### WHAT TO PRODUCE:
Set down every record below exactly as it stands, leaving out the pictures.

---- DATA FOR REVIEW

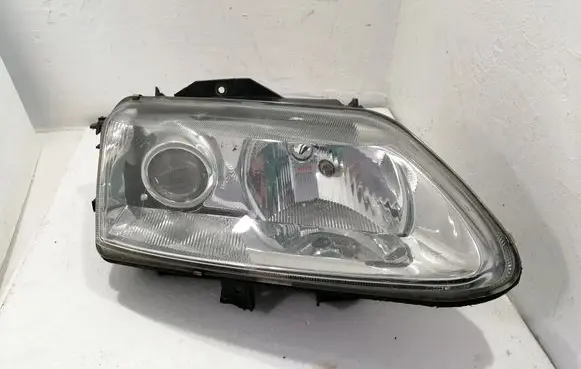 Renault Espace III Headlight/headlamp 73775396 01053388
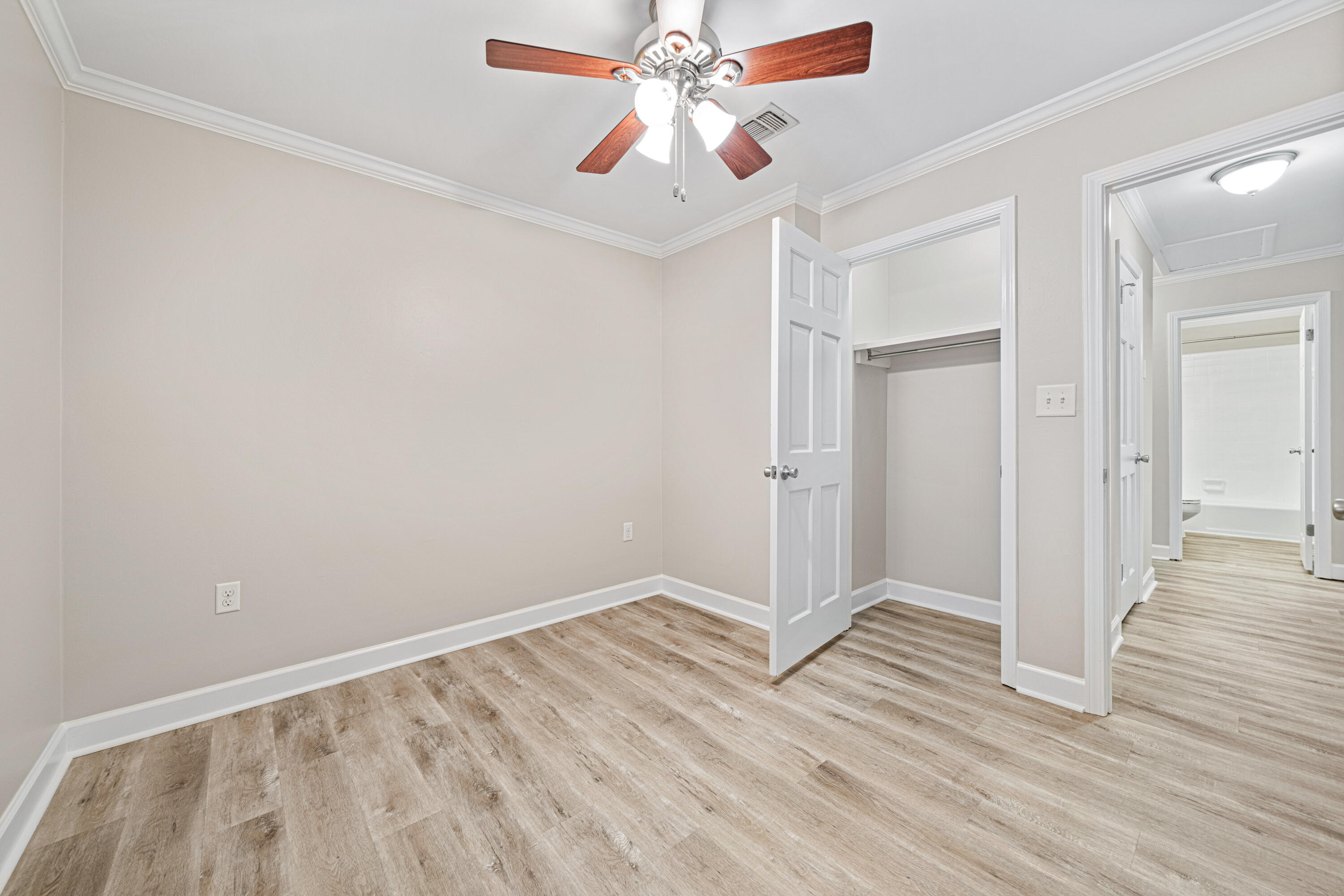 KENWOOD S/D 3RD ADDN - Residential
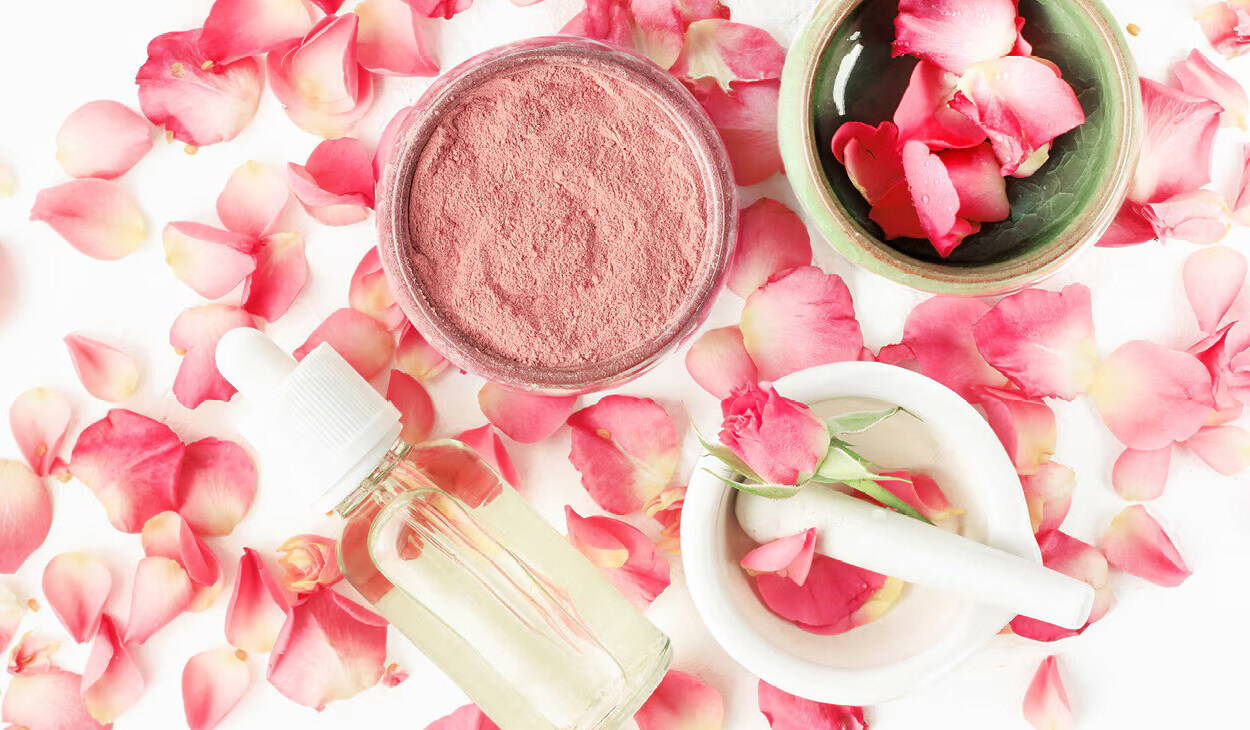 15-facts-about-rose-face-masks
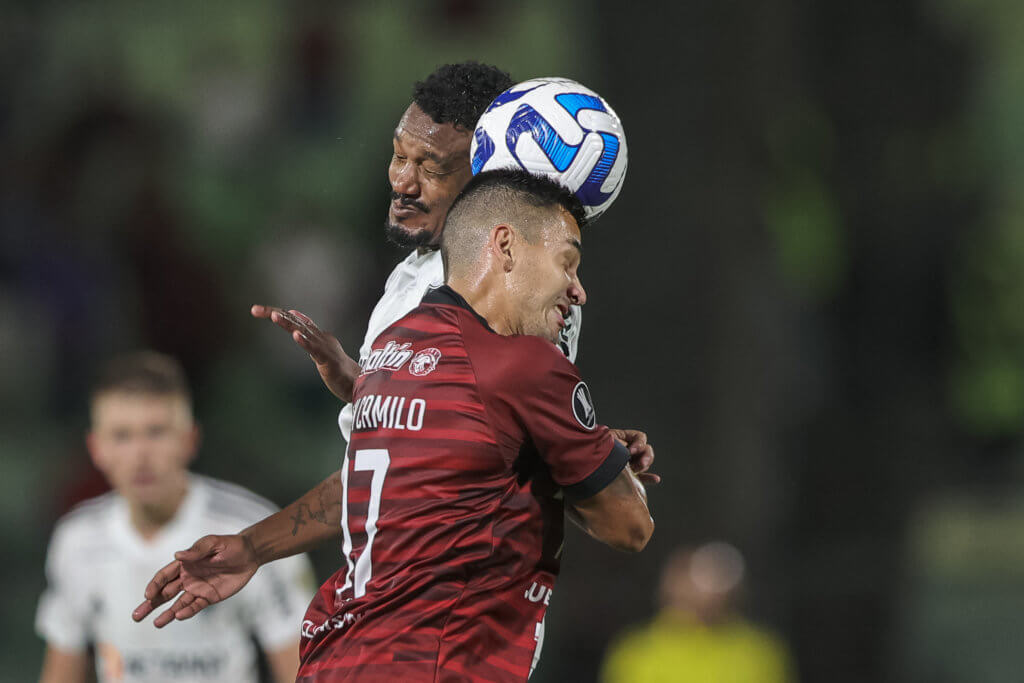 Atlético-MG, de Edenílson, estreou na Libertadores com empate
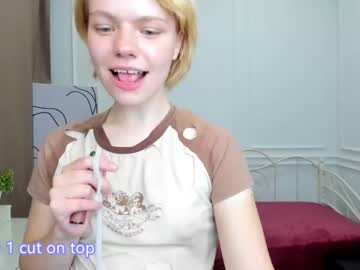 Naked cam girl little_shy_mia image #2725572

--------

### SOLUTION TO THE EXERCISE:
 Renault Espace III Headlight/headlamp 73775396 01053388
 KENWOOD S/D 3RD ADDN - Residential
 15-facts-about-rose-face-masks
 Atlético-MG, de Edenílson, estreou na Libertadores com empate
 Naked cam girl little_shy_mia image #2725572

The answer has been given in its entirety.